Structural properties of silicon dioxide thin films densified by medium-energy particles

Classical molecular-dynamics simulations have been carried out to investigate densification mechanisms in silicon dioxide thin films deposited on an amorphous silica surface, according to a simplified ion-beam assisted deposition scenario. We compare the structures resulting from the deposition of near-thermal (1 eV) SiO₂ particles to those obtained with increasing fraction of 30 eV SiO₂ particles. Our results show that there is an energy interval—between 12 and 15 eV per condensing SiO₂ unit, on average—for which the growth leads to a dense, low-stress amorphous structure, in satisfactory agreement with the results of low-energy ion-beam experiments. We also find that the crossover between low- and high-density films is associated with a tensile-to-compressive stress transition, and a simultaneous healing of structural defects of the a-SiO₂ network, namely, threefold and fourfold rings.

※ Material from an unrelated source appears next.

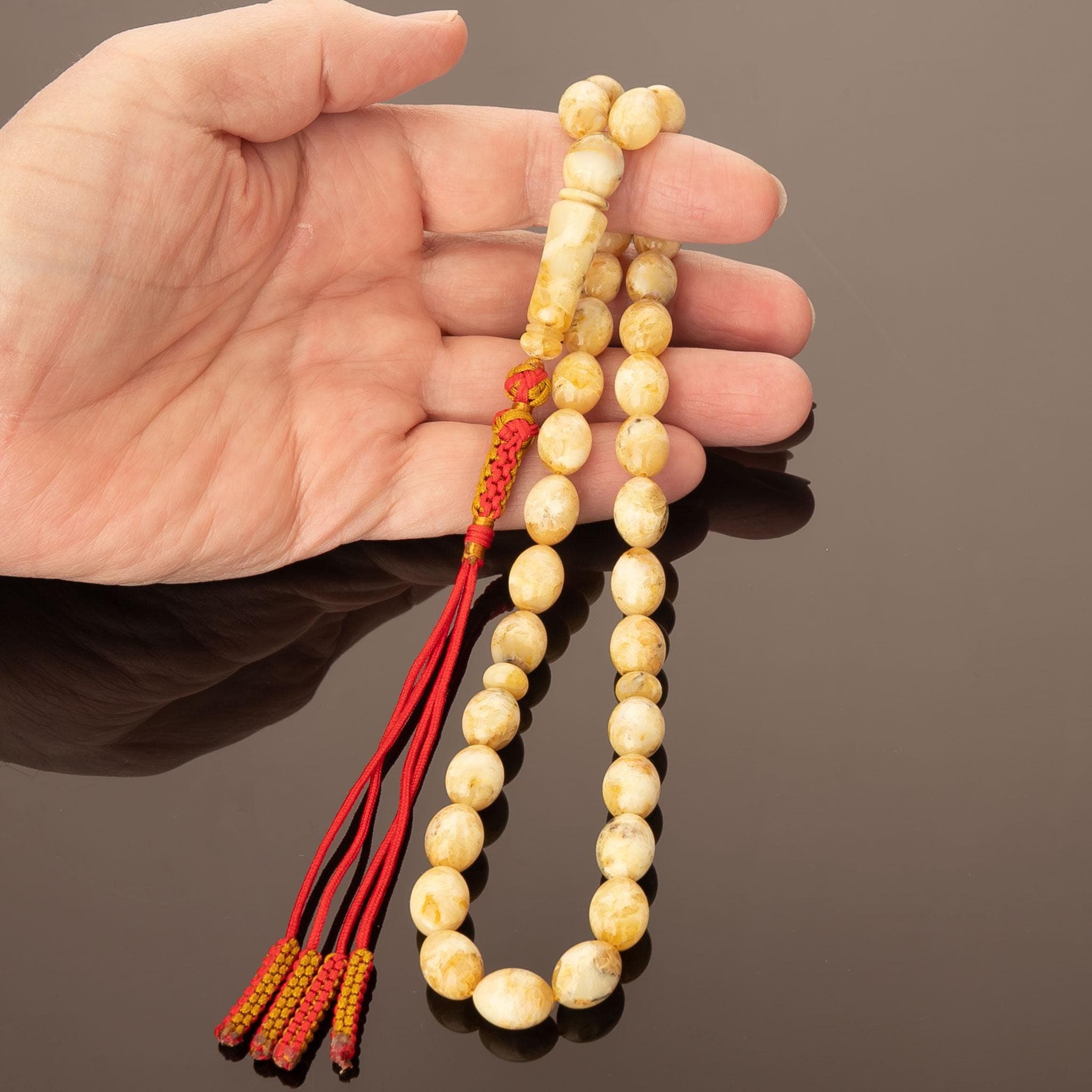 Milky Amber Tasbih 33 Prayer Beads Butterscotch Marble Misbaha Islamic Sibha Gift - image 5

It is observed, finally, that densification proceeds through significant changes at intermediate length scales (4–10 Å ), leaving essentially unchanged the “building blocks” of the network, viz. the Si(O_1/2)₄ tetrahedra. This latter result is in qualitative agreement with the mechanism proposed to explain the irreversible densification of amorphous silica recovered from high pressures (∼15–20 GPa).